Auf „Bestial Burden“ beschäftigt sich die blutjunge Noisemusikerin diesmal mit der Fragilität und Mortalität des eigenen Seins. Denn nur wenige Tage vor ihrer ersten Europatournee im letzten Jahr erlitt sie einen medizinischen Nofall und konnte ihr Bett mehrere Tage nicht verlassen. Diese Erfahrung nutzt Chardie und verarbeitet auf sechs Tracks den Kampf um ihre Gesundheit. Herausgekommen ist wieder eine Kollektion erschütternder Post-Industrial/Noise-Eskapaden in ehrenwerter Tradition an THROBBING GRISTLE, WHITEHOUSE oder MAURIZIO BIANCHI, immer dargeboten mit verzerrten Effekten und psychologischer Gewalt. Wie auch auf dem Debüt wird gehustet, gekeucht, gekeift und geschrien. Gleich zu Beginn leitet ein nach Luft schnappendes Atmen in die Eleganz im Angesicht des Todes ein. „Primitive Struggle“ ist die Aufnahme eines grausam inszenierten Todesröcheln unterlegt mit dumpfem Herzschlag-Beat. „Intent Or Instinct“ erinnert mit seinen destruktiven Horror-Electronics an Großmeister Clay Ruby alias BURIAL HEX, während der abschließende Titeltrack den absoluten Nihilismus zelebriert und in seiner Hässlichkeit beinahe zu ersticken droht.
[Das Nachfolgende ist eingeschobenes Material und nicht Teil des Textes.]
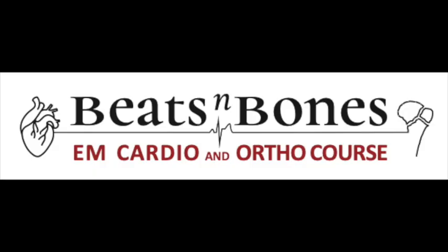We want to tell you about a new and exciting online course called Beats and Bones. This course is for anybody who works in the emergency department and looks after patients coming in with either cardiac problems — that's the Beats — or orthopedic problems — that's the Bones.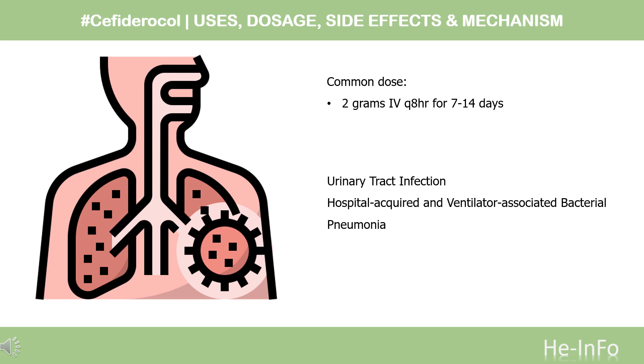The recommended dose is 2g every 8 hours (Q8H) for 7–14 days. Duration of therapy should be dependent on infection severity and the patient's clinical status, for up to 14 days. For hospital-acquired and ventilator-associated bacterial pneumonia (HABP/VABP), caused by susceptible gram-negative microorganisms, the dose is also 2g every 8 hours (Q8H) for 7–14 days.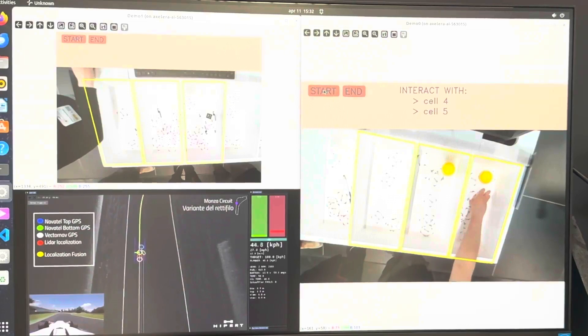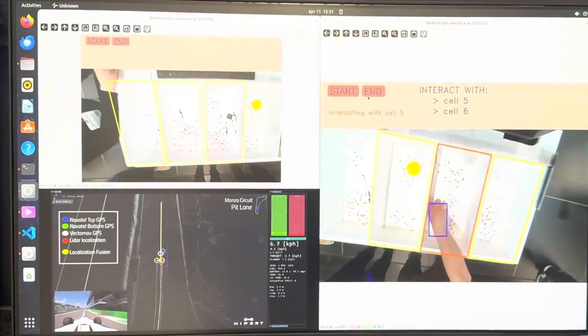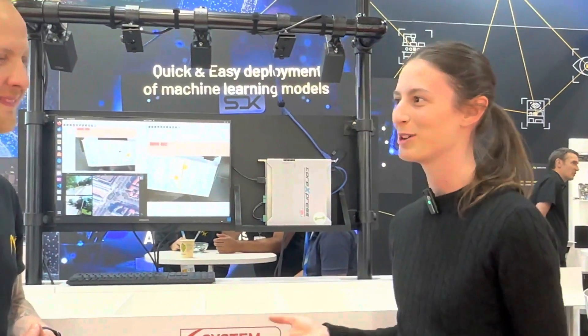Once we know where the hand is in the image, we can also know where the cells of the drawer are, because we know in advance the dimensions of the drawer and its cells. Thanks to that, we can understand if the hand is interacting with a cell or is outside the drawer. We can then detect when an action starts and ends, and compare the image of the cell before and after to understand if a change has been made — whether there was a grab or release of an object.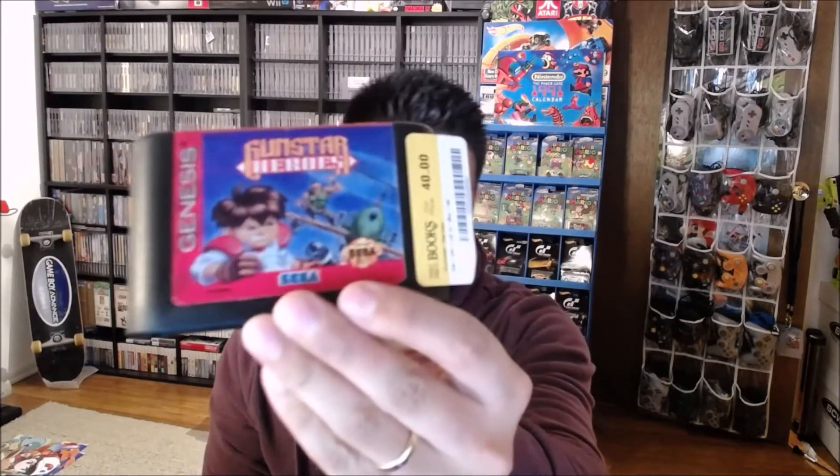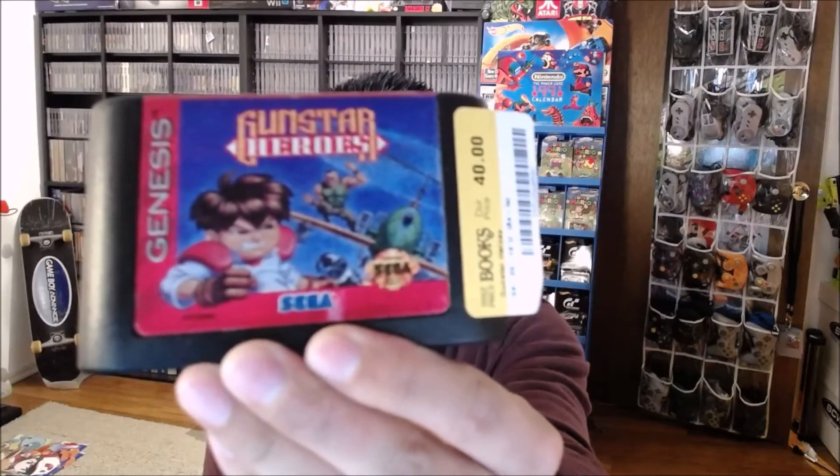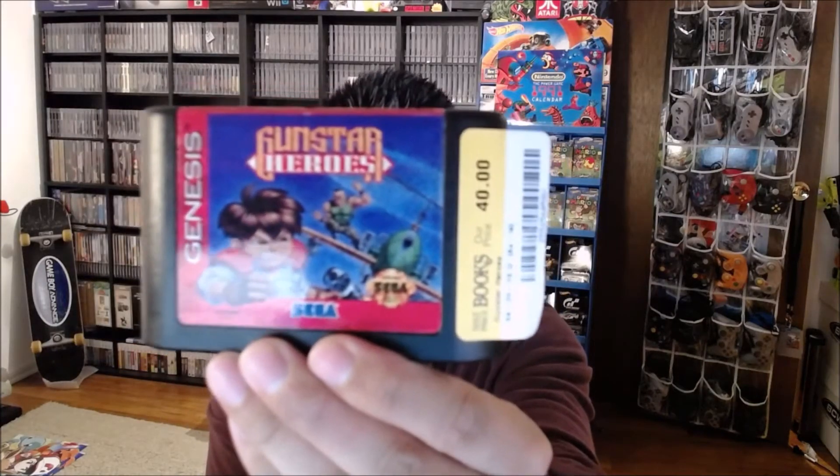The next one is a little more pricey — it's Gunstar Heroes, which is an excellent game on the Sega Genesis. I already have a copy in box, but I figured for 40 bucks, which is close to what it's worth on eBay, it'd be worth a pickup to use as trade. There's always going to be somebody who wants to add it to their collection, and I figured I'd save it from the store so I can trade it or pass it along.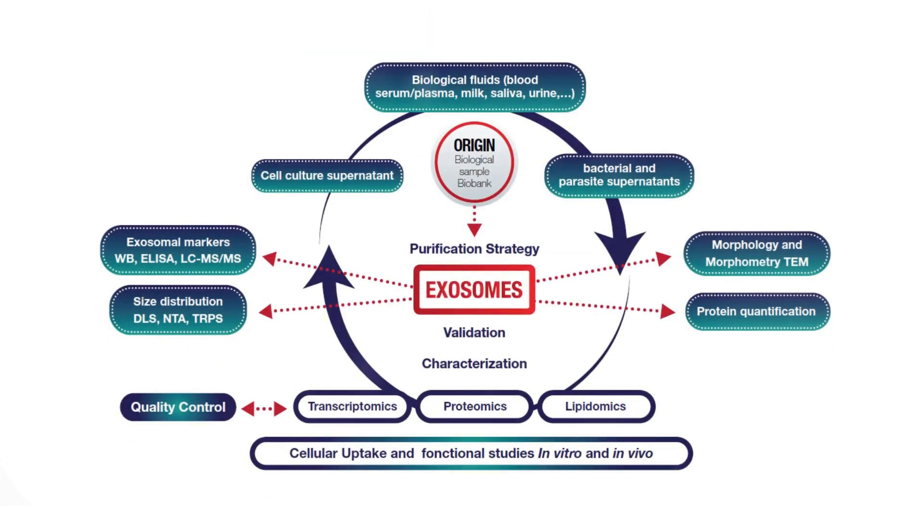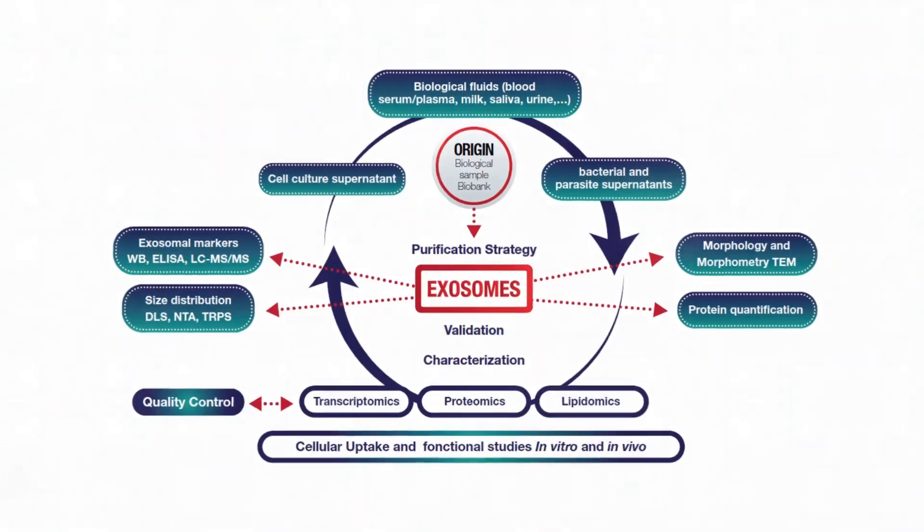Meanwhile, extracellular vesicles — like microvesicles and exosomes — carry signals between cells to promote healing. These vesicles might offer a new way to achieve regeneration without the complexities of stem cell integration, potentially sidestepping some of the biggest hurdles in regenerative therapies today.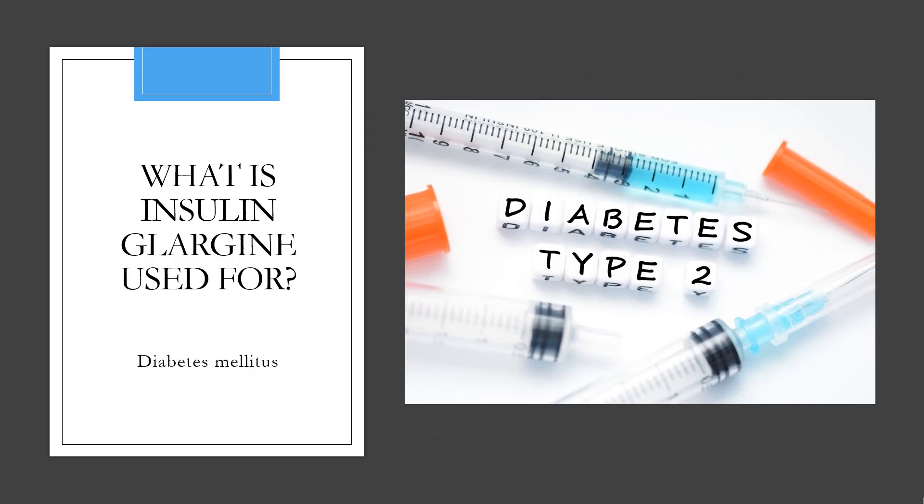Insulin glargine is indicated to improve glycemic control in adults and pediatric patients with type 1 diabetes mellitus and in adults with type 2 diabetes mellitus.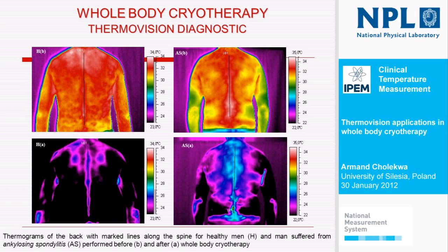The next answer is the thermo-vision diagnostic. We performed many thermograms of backs — healthy, like here, before and after whole body cryotherapy — and for patients with different spine diseases. Here we have a patient with ankylosing spondylitis. This is the thermogram performed before whole body cryotherapy in normal conditions outside the chamber, and after body cooling, also in the same room but after cold impact.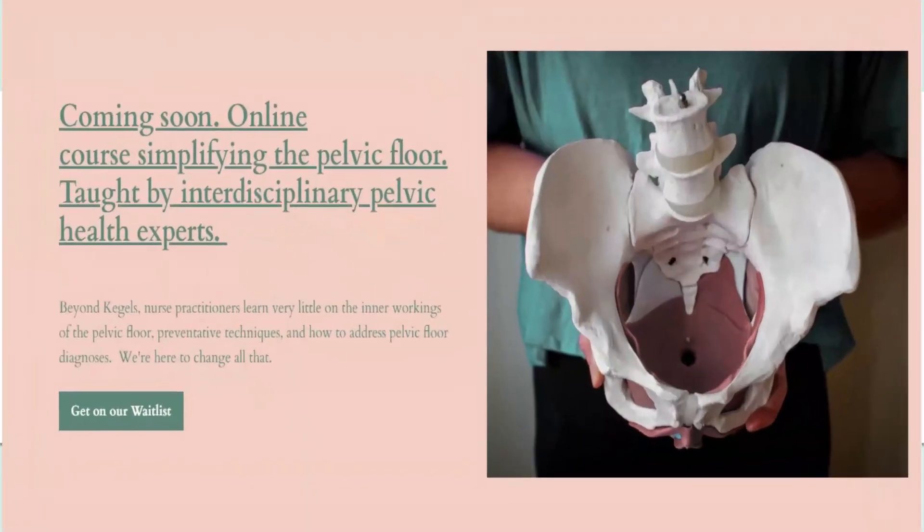We're super excited to announce that we're developing an online pelvic floor course for nurse practitioners. Our course will break down the pelvic floor so that you can confidently care for your patients with pelvic floor dysfunction. By simplifying the pelvic floor, we'll improve patient outcomes and your provider experience. Thanks for watching and spreading the word — let's revolutionize pelvic health. We'll see you soon.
Schönheit liegt im Auge des Betrachters? Nein, denn „Bestial Burden“ bleibt hässlich, stellenweise zutiefst unerträglich und um vitalen Hass zu verbreiten schlichtweg ungenießbar.
Analoge Stampfbeats und ultraböses Gekeife sind die Quintessenz des musikalischen Schaffens von PHARMAKON. Für Kenner-des Noise-Genres ist das nichts Neues. In einschlägigen Foren wird ihre hässliche Konzeptkunst gerne auch als Hipster-Noise oder „Noise for Picnics“ tituliert. Dennoch: Der Hype ist in vollem Gange – ein erneut verstörendes Albumcover, diesmal mit Autopsie-Selbstbezug, erzwingt sicher wieder eine Rezension im Feuilleton.
Fazit: Für die jüngere Generation mag „Bestial Burden“ im besten Falle eine harsche Offenbarung sein, die die tiefere Beschäftigung mit dem Genre provoziert. Glaubwürdigkeit stellt sich aber durch Contenance ein. PHARMAKON muss noch beweisen, ob sie den steinigen und einsamen Weg auch auf ihrem Nachfolgewerk weitergeht – oder ob sie als heranwachsende Frau doch lieber die Verwandlung zum schönen Schwan inszeniert. Für die meisten Menschen ohnehin unhörbarer Krach, liegt die Schönheit tatsächlich wieder einmal im Inneren. Denn der perfekte Hörgenuss tritt niemals ein, er existiert erst gar nicht. Wer selbst japanischen Death-Industrial von DISSECTING TABLE oder MERZBOW überlebt hat, wird sich hier langweilen. Alle U25-Jährigen in der existenziellen Sinnsuche, die tatsächlich mit dem Gedanken spielen einen Goldfisch zu vergewaltigen, dürfen sich aber einreihen, in eine neue Generation mit Hang zur ästhetischen Selbstzerstörung und morbider Liebeslust zum Leben.